▶ _Task directions_
Word for word, transcribe the data below from the line with "Broschürenheftgerät Einlegetiefe ca." to the line with "Kramp Midi Fuse 70A 32V Fs50070a", keeping both of those lines.

▶ _Records for this task_

***

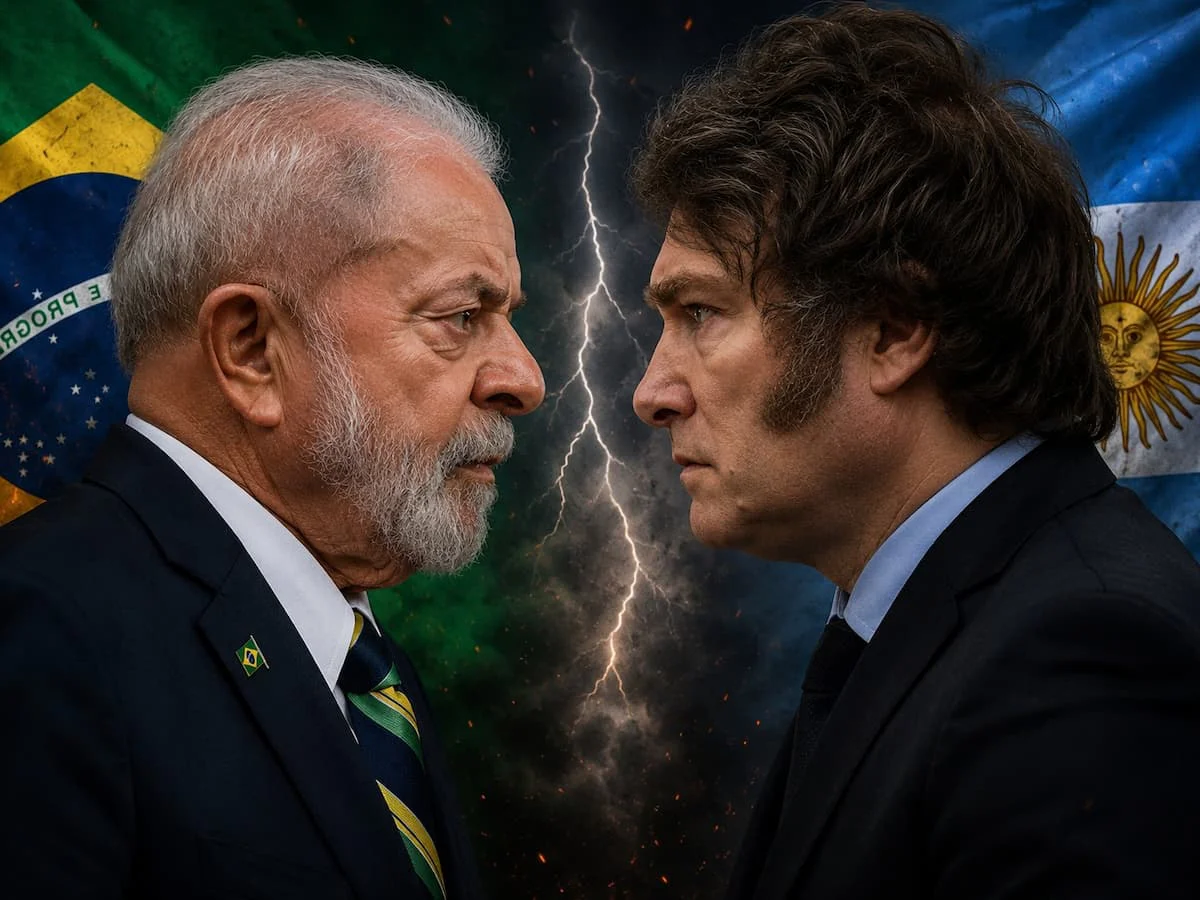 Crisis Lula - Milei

***

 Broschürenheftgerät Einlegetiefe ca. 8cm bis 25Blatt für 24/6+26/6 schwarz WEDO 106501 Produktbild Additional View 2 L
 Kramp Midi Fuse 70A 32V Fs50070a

***

▶ _Completed task_
 Broschürenheftgerät Einlegetiefe ca. 8cm bis 25Blatt für 24/6+26/6 schwarz WEDO 106501 Produktbild Additional View 2 L
 Kramp Midi Fuse 70A 32V Fs50070a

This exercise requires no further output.